Already Missing
Annemarie turned 18 last Wednesday.
My baby turned 18!
I’ve known this day would come. The goal of mothering is to work myself out of a job, and I’ve calmly anticipated the inevitable.
Until this year.
In January, on a stressful day, Annemarie asked if we could run to Jamba Juice. “I’m too busy!” I protested. Then it struck me: in September, she heads to college. Only eight more months ’til I start missing all the mother/daughter stuff we do.
I dropped my busy-ness. We jetted to Jamba Juice.
Last week, I missed celebrating Annemarie’s birthday because she’s been on a mission trip in Belize since March 19. I thought I’d be fine while she was gone, as I was busy speaking for a women’s retreat.
But throughout the weekend, I missed my constant companion.
- Annemarie always sets up my book table (“Stay away, Mum; you’ll mess it up!”)
- She fusses over me (“You haven’t eaten since breakfast!
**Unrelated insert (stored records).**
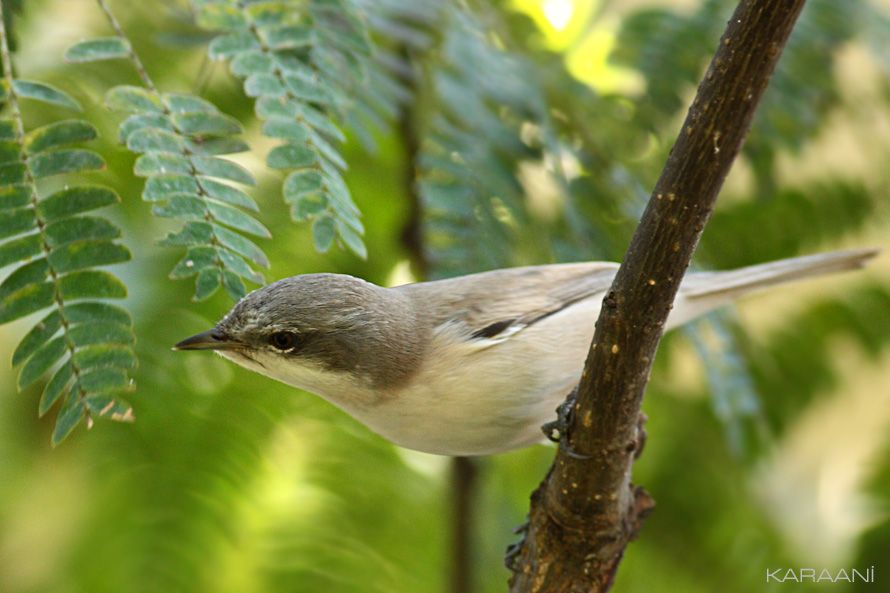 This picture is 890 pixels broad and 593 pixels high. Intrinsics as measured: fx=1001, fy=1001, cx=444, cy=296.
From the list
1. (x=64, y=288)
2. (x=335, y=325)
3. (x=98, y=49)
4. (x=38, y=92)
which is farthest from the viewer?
(x=335, y=325)

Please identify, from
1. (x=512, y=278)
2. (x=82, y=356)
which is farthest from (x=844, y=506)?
(x=82, y=356)

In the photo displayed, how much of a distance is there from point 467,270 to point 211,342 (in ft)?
2.35

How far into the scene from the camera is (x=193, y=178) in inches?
67.7

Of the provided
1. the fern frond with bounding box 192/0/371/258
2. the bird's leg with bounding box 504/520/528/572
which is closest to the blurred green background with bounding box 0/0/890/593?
the fern frond with bounding box 192/0/371/258

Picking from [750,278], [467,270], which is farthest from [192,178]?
[750,278]

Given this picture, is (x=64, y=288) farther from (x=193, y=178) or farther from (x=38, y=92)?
(x=38, y=92)

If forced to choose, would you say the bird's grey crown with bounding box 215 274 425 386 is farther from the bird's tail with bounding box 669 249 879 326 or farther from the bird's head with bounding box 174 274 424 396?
the bird's tail with bounding box 669 249 879 326

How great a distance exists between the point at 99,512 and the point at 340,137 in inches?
76.9

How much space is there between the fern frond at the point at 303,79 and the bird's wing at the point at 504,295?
569 millimetres

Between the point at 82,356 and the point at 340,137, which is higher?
the point at 340,137

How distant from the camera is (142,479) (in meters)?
3.21

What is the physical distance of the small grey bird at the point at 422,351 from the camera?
2156 millimetres

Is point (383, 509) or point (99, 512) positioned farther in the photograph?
point (383, 509)

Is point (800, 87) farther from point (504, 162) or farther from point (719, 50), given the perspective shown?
point (719, 50) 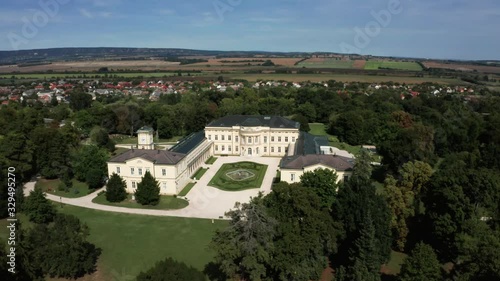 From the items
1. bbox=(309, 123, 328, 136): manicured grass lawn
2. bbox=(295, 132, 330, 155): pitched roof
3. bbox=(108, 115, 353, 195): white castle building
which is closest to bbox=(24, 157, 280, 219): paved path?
bbox=(108, 115, 353, 195): white castle building

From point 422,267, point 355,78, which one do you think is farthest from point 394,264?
point 355,78

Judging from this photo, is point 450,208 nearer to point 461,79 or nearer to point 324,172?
point 324,172

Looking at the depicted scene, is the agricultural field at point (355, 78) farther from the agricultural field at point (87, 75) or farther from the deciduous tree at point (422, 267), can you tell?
the deciduous tree at point (422, 267)

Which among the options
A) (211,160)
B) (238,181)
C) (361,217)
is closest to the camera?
(361,217)

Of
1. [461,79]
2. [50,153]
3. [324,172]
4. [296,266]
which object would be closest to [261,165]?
[324,172]

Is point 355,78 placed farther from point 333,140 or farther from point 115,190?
point 115,190

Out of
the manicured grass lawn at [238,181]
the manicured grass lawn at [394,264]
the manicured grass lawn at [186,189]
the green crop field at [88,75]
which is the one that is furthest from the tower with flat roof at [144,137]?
the green crop field at [88,75] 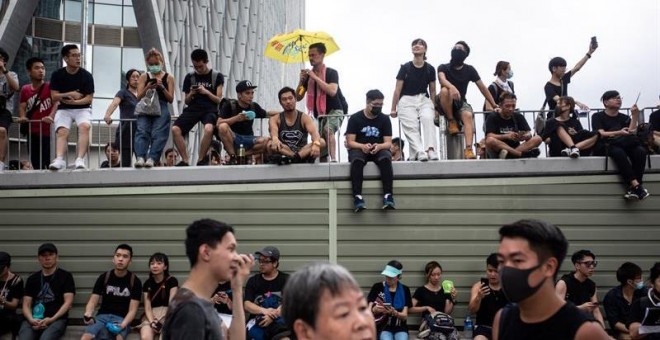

Go eat!”)
- And she’s my biggest cheerleader (“You sure had them listening and laughing, Mum!”)
By Wednesday, I was missing my daughter something fierce. For all my bravado (“Your bedroom becomes my new craft room!”) I didn’t realize how much I depend on calling out, “Hey Chickie!?” and hearing back “Yeah, Mum?” Or how much I rely on Annemarie being a text message away. She’s been gone for just ten days, and ohhhh, how I miss my “baby”!
Annemarie returns home Monday evening, and I can’t wait to welcome her back. As soon as she’s caught up on sleep, we’ll head to Jamba Juice so she can tell me about everything I missed.
And then I’ll blink: it’ll be May 31, and I’ll get misty-eyed at “Pomp and Circumstance.” Then I’ll blink again: it’ll be mid-September, and I’ll be over-staying my welcome in her dorm room.
I wouldn’t have missed the last 18 years for anything in the world. And for the next few months, I’m going to do my best not to miss a thing.
Annemarie’s may not leave ’til September, but one thing I’ve learned is that a part of me, of my heart, goes with her.
And that part of my heart is already missing.
Oh, my baby girl is almost 12! thanks for the reminder to make the most of every moment. 🙂
“little losses here and there” — boy does that bring back memories!
3 is such a great age — you really get to see who she is and who she’s becoming.
My daughter is only 3 and I’m already feeling little losses here and there. It seems like every week she get a little more independent! Your daughter sounds like a gem and your relationship is strong. That is so wonderful to see!